Spain plays a key role in the conservation of European scavenger species and hosts 90% of breeding pairs of European avian scavengers, including around 25,550 Eurasian griffon pairs, 2,100 pairs of cinereous vultures, 1,550 pairs of Egyptian vultures and 135 pairs of bearded vultures (Fig. 1). Spain is also home to Western Europe’s most important large carnivore populations, including around 2,500 wolves and 350 brown bears. Yet the Spanish autonomous regions have taken on average 2.3 years (range 0.5–5.5 years) to transpose this national legislation affecting these species and, worryingly, four autonomous regions are still to do so. The urgency with which national legislation is transposed in any particular autonomous region bears no relation to the abundance of obligate and facultative scavengers there.

Fig. 1
figure 1

Antoni Margalida

Spanish autonomous regions have been slow to adopt European regulations on livestock carcasses, posing a threat to scavenger species such as bearded and griffon vultures.
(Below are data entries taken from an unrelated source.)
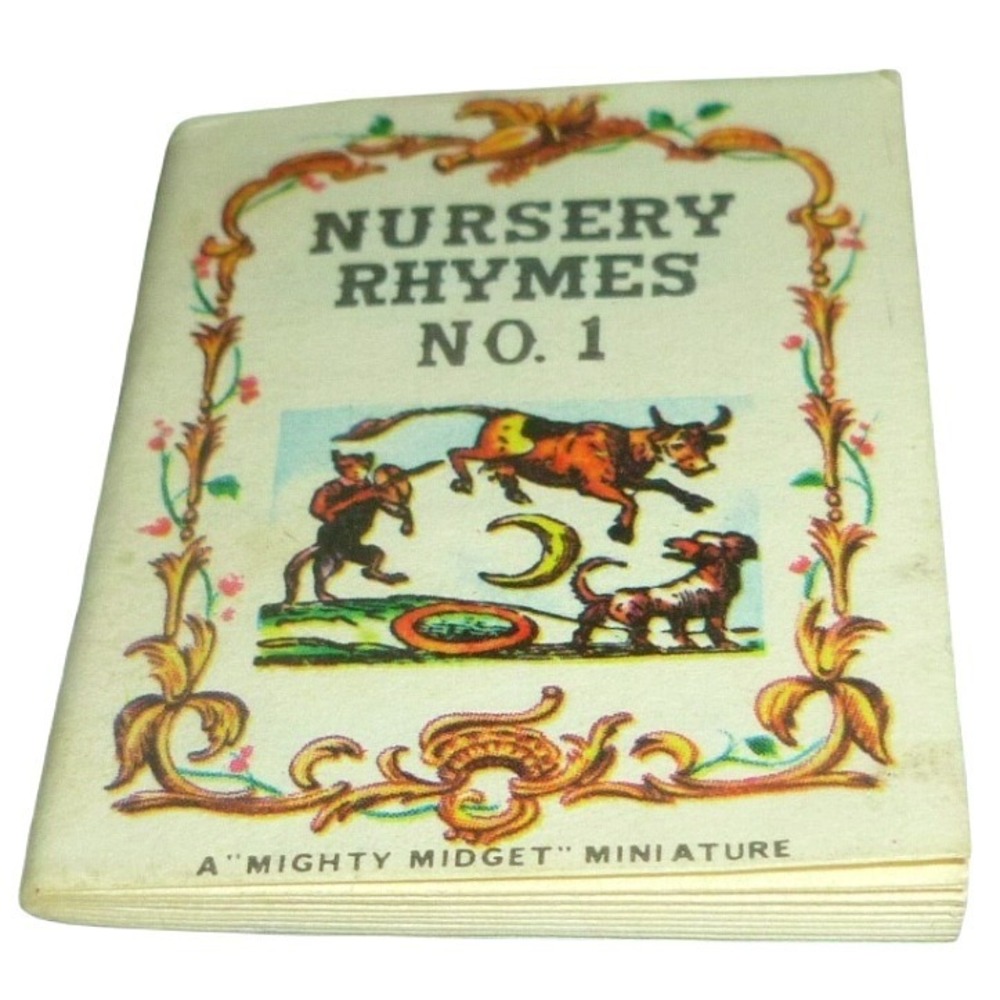 Vintage B Shackman Mighty Midget Miniature Nursery Rhymes No 1 Tiny Book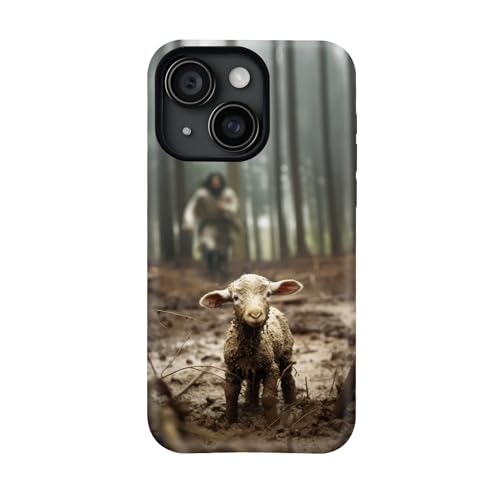 Photo 1 of Jesus and Lamb Phone Case, Jesus and Lost Sheep Christian Phone Case Cover (iPhone 11 Pro Max)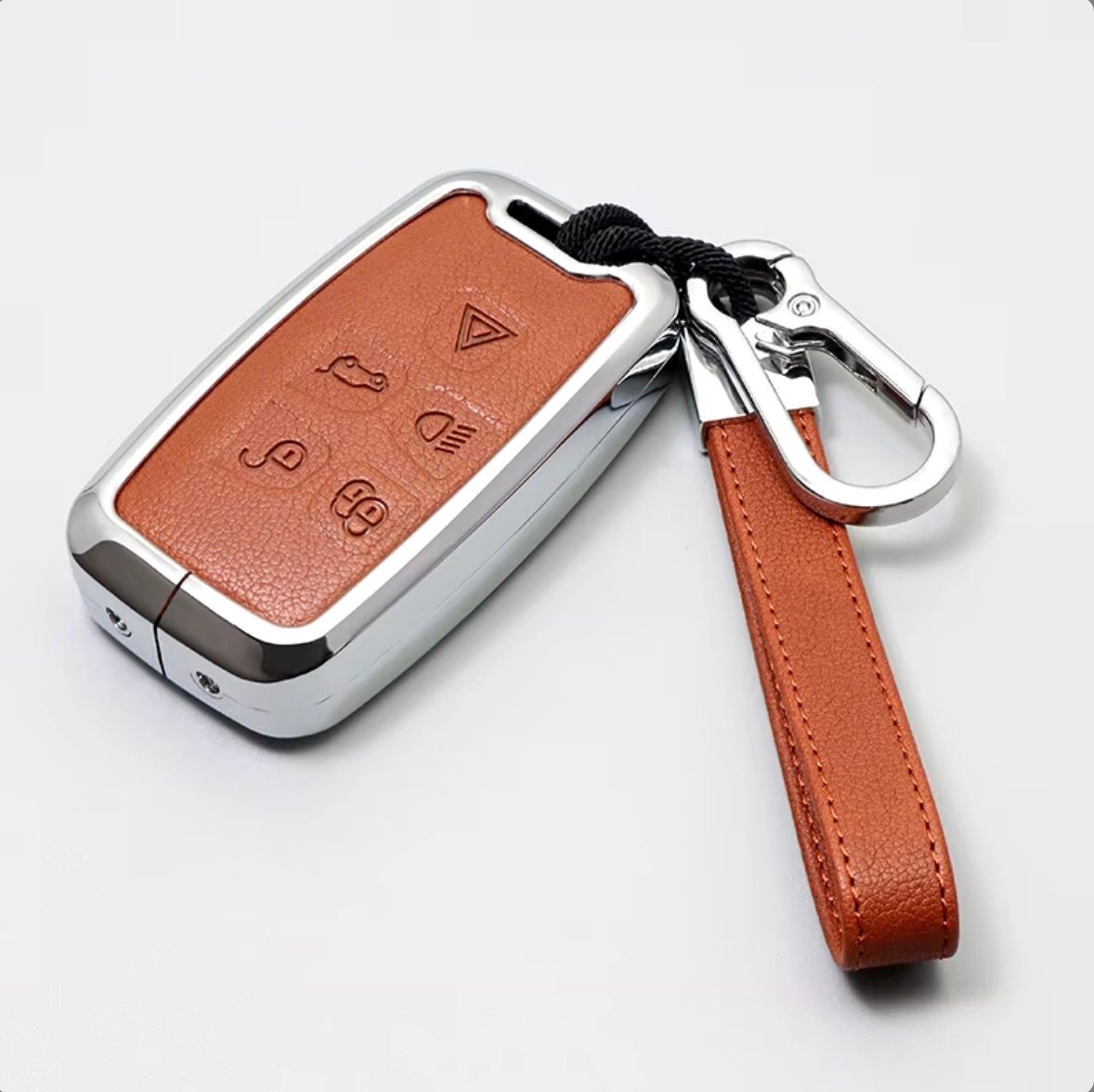 Customizable Leather & Aluminum Key Fob Cover Set for Land Rover/Jaguar key fobs - Kollen US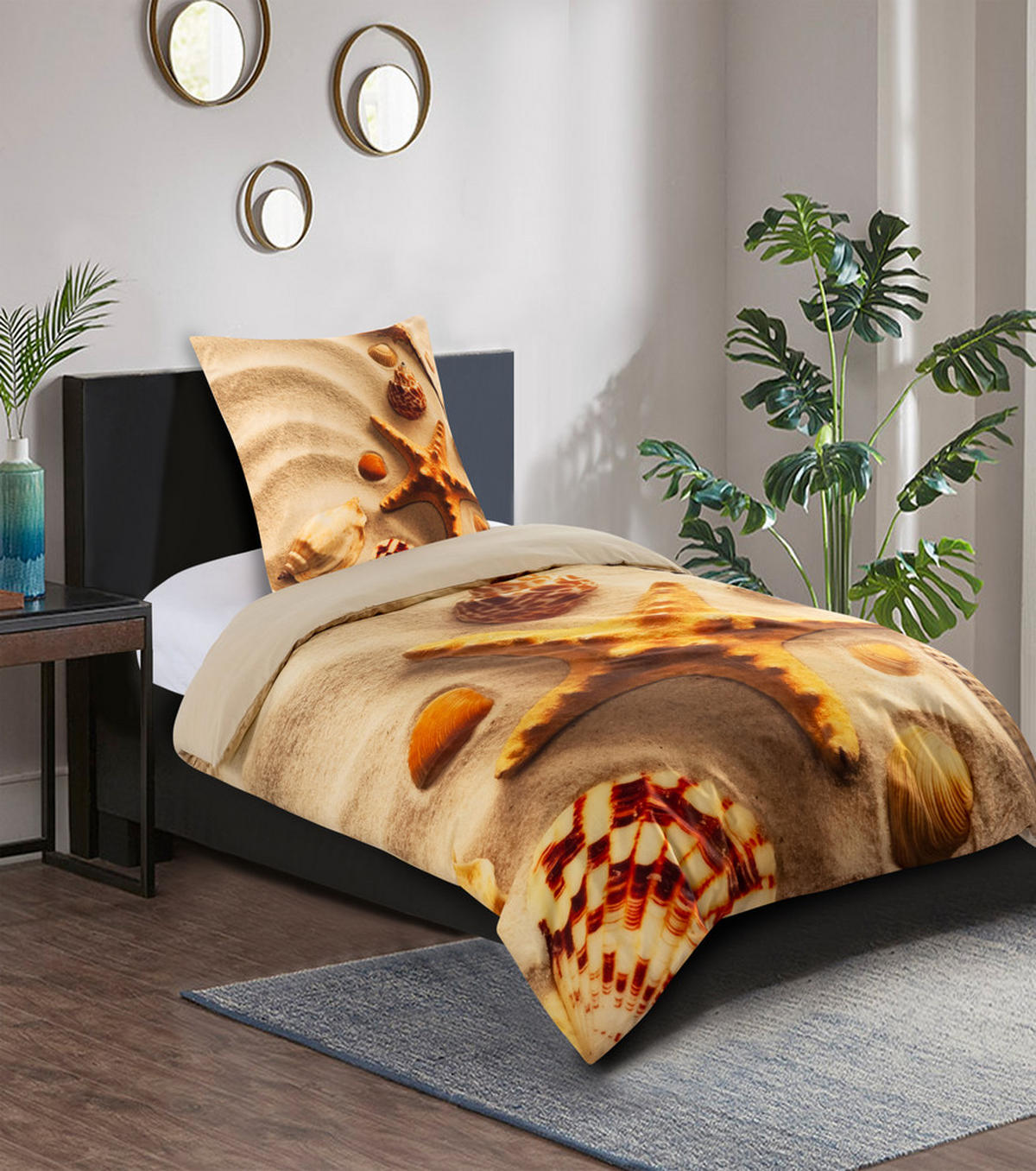 BETTWÄSCHE 2-teilig Sanibel - Beige, Naturmaterialien (135/200cm) - Sanilo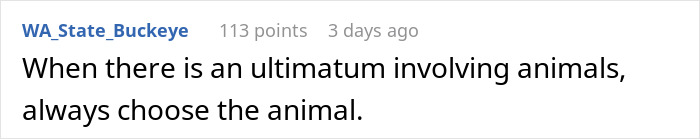 Text comment about choosing animals during ultimatums, highlighting relationship conflict over cat gift from another man. Text comment about choosing animals during ultimatums, highlighting relationship conflict over cat gift from another man.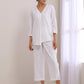 trueBrowns White Dobby Short Asymmetric Co-Ord Set - Swadesiicart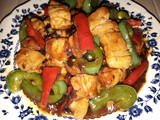 Stir fry pork belly with tau see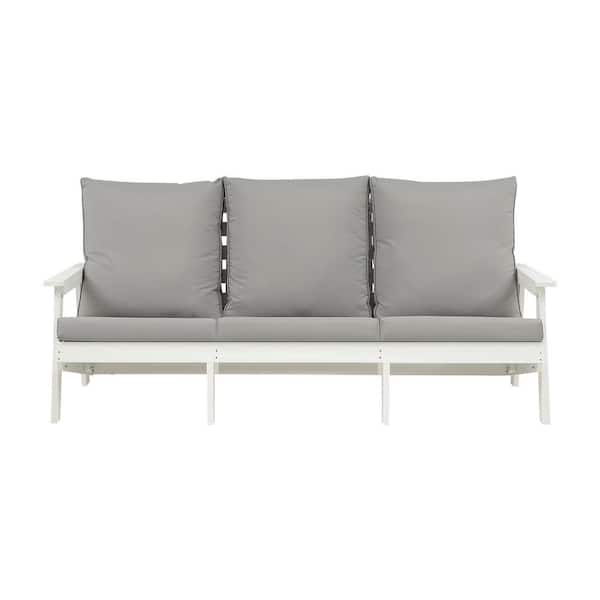 myhomore HIPS 3-Seater Wood Grain Outdoor Garden Couch, with Grey/Beige Cushion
This example illustrates the significance of temporal mismatches between the integration of policies4, the identification of unexpected environmental consequences3 and the implementation of policies to reverse them. Such temporal mismatches (12–17 years in this example) may be too long when the policies affect threatened species. Improving the legal mechanisms to speed up transpositions, particularly in decentralized systems, is needed if we are to boost the effectiveness of policies designed to conserve the planet’s biodiversity.